**Study material**
----
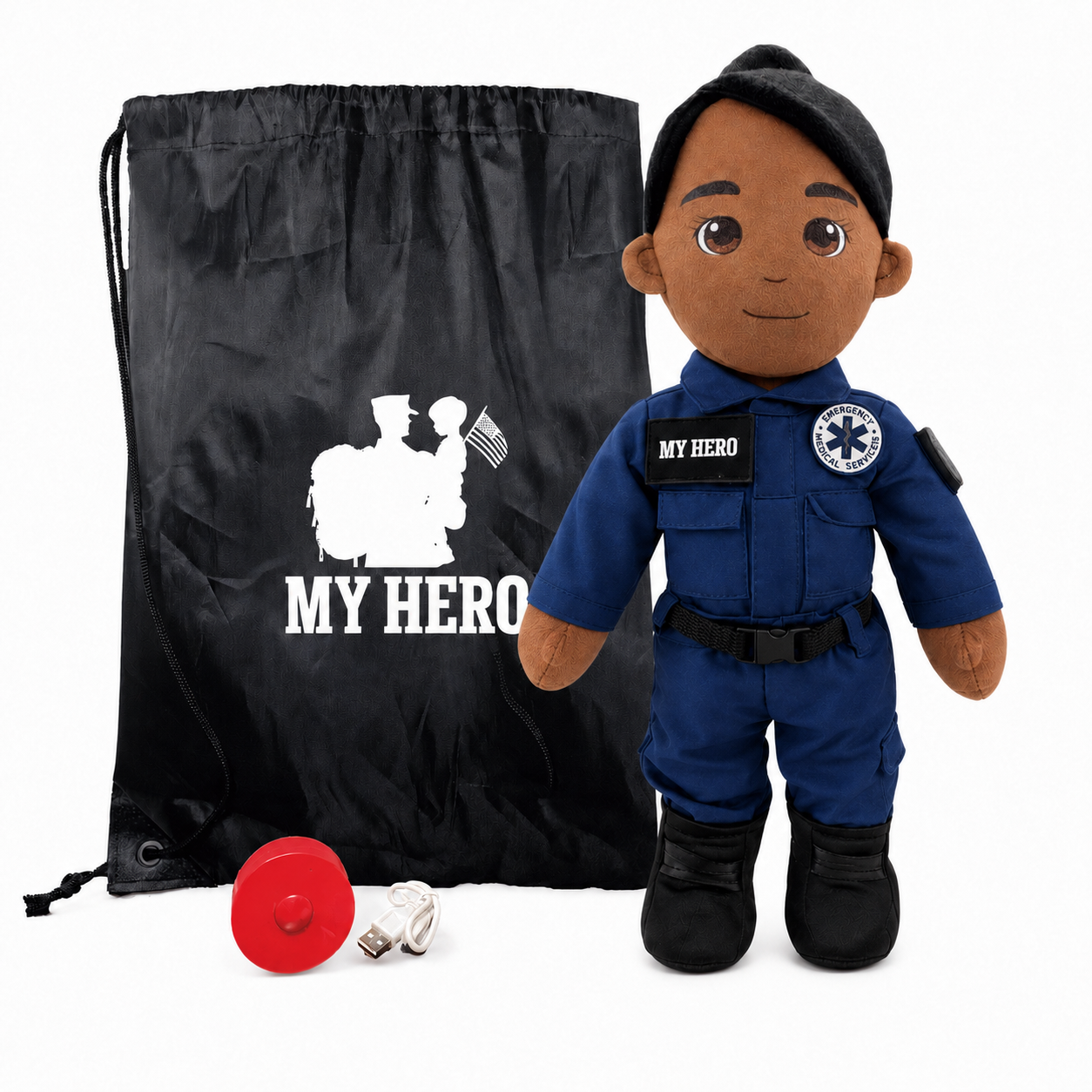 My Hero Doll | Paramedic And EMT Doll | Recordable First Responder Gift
----
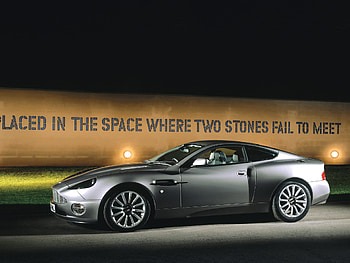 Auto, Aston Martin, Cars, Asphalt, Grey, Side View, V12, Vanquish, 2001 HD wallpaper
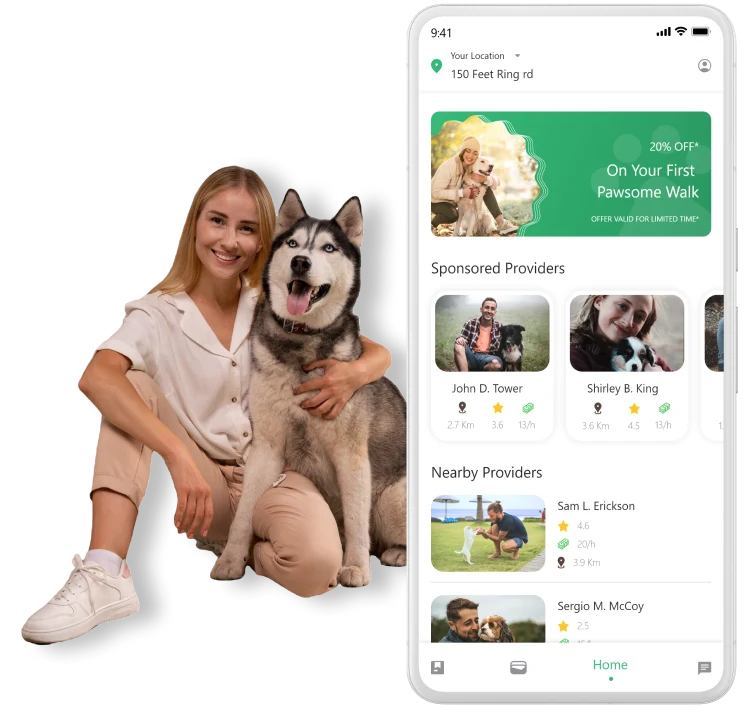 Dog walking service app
----
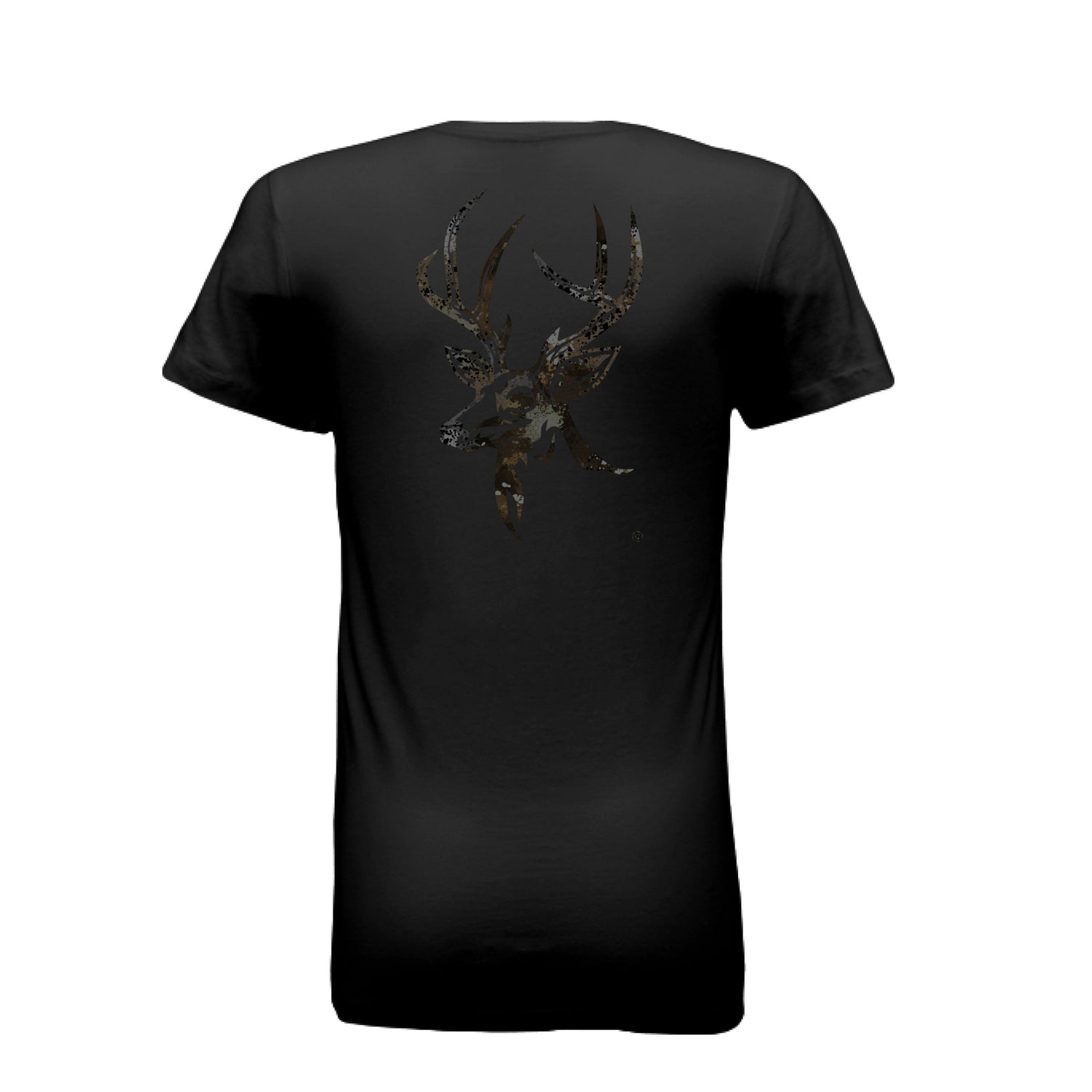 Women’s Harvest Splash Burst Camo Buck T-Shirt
----
**Directions for this task**
What should come back is an exact copy of the lines above from the line with "Auto, Aston Martin, Cars, Asphalt, Grey, Side" to the line with "Dog walking service app", both included, minus the pictures.

**Exercise output**
 Auto, Aston Martin, Cars, Asphalt, Grey, Side View, V12, Vanquish, 2001 HD wallpaper
 Dog walking service app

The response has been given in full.